Konservatuvara 1988 senesine girdiğinden bahseden Şimşek, şöyle devam etti:
“O zamanlar 2-3 tane konservatuvar vardı. 50 kişi gibi bir oyuncu adayı giriyordu. Zaten TRT vardı. Konservatuvara girerken ‘bir dizide oynayacağım ve meşhur olacağım’ diye bir hedefim yoktu. Tiyatro diye bir şey de var. Bu da ‘hünerli bir çocuk’ dediler. Zaten benden başka da bir şey olmazdı. Biraz aslında çaresizlikten oyuncu oldum. Ya da o yeteneğimi ‘buymuş’ deyip buldum.”
Hayatında “bundan olmaz” cümlesini geçmişte sık sık duyduğunu dile getiren Şimşek, “Bir gün bir oyun yapmak istersem oyuna öyle başlamak istiyorum. Benim hayatım ‘bundan olmaz’la başladı. ‘Bundan olmaz’la konservatuvardaydım. ‘Bundan olmaz’la profesyonel oldum. Hep bir kendini ispat, kendini bir ifade biçimi hasıl oldu.” diye konuştu.
– “Oyunculuğun her aşamasında insan bir şey öğreniyor”
Usta oyuncu, meslek seçiminde “keşke şunu olsaydım” demediğini, ancak çevresinin müzisyen olmasını beklediğini anlatarak, “Düğünlerde şarkı söyleyen bir adamdım. Ceyda Düvenci’nin babası İsmail Düvenci, ‘senin kesinlikle oyuncu olman lazım’ demişti bana. Beni konservatuvara girebilmem için bir süre çalıştırdı. Konservatuarla beraber oyunculuk başladı.” ifadelerini kullandı.
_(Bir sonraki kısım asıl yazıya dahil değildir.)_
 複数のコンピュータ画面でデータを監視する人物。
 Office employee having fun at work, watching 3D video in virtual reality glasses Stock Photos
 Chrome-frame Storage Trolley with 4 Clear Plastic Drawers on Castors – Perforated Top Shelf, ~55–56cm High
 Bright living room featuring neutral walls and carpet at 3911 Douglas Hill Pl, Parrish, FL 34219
Uzun süre kötü adam rollerinden sonra “Yalan Dünya” dizisinde “Selahattin” rolüyle bir komedide yer aldığını söyleyen Şimşek, sonrasında yine benzer rollerde olduğunu ama bunu “salt kötü” ya da “iyi “demeden kötü adamı oynadığını anlattı.
Oyunculukla ilgili eğitime dair “Bence zaten verilmiyor, alabiliyorsun. Sen alıyorsan oluyor.” diyen usta oyuncu, “Oyunculukla ilgili eğitim bitmiyor. Her zaman devam ediyor. İnsan olmakla ilgili bir şey bence. Hani insan olmakla da bitmiyor. Her aşamasında bir şey öğreniyor insan. Benim çocuklarım olmasaydı belki de bana ‘Terzi’ dizisindeki rolümde bu kadar tezahürat edilmezdi. Çünkü çok çocuk ruhlu bir adamı oynadım.” açıklamasını yaptı.
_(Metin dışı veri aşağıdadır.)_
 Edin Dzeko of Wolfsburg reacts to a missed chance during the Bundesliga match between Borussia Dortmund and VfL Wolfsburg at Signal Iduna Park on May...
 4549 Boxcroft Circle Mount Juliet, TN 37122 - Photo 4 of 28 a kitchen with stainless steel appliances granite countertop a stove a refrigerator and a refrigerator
– “Oyunculuk, ‘şimdi oldum’ gibi bir şey değildir”
Oyunculuğun öğrenilebilir bir şey olmakla birlikte, yatkın olmakla da ilgili olduğu tespitini paylaşan Olgun Şimşek, şunları kaydetti:
“Çocukluğumuzda hepimizde vardır, çocuklukta keşfedilen bir şeydir. En özgür yaşadığımız zamanlar çocukluk dönemidir. En kendimizi ifade ettiğimiz, hayata en açık, objektiflerimizin sonuna kadar açık, korkusuz, önyargısız buluşmalarımız oralarda gerçekleşir. Bu daha sonrasında bizi besler diye düşünenlerdenim. Yani bir insanın durup dururken, bir başkası olma isteği bir yetenekle mümkündür. Öbür türlü dalga konusu olursun. Yani başka bir şey, başka bir durumla, başka bir duyguyla hemhal olabilme yeteneğidir oyunculuk. Hani başka birinin durumuna yerleşmek ve onu yargısız anlamak ve anlatmaktır. Bu bir yetenek istiyor. Oyunculuk, ‘şimdi oldum’ gibi bir şey değildir. Ölene kadar devam eden bir süreçtir.”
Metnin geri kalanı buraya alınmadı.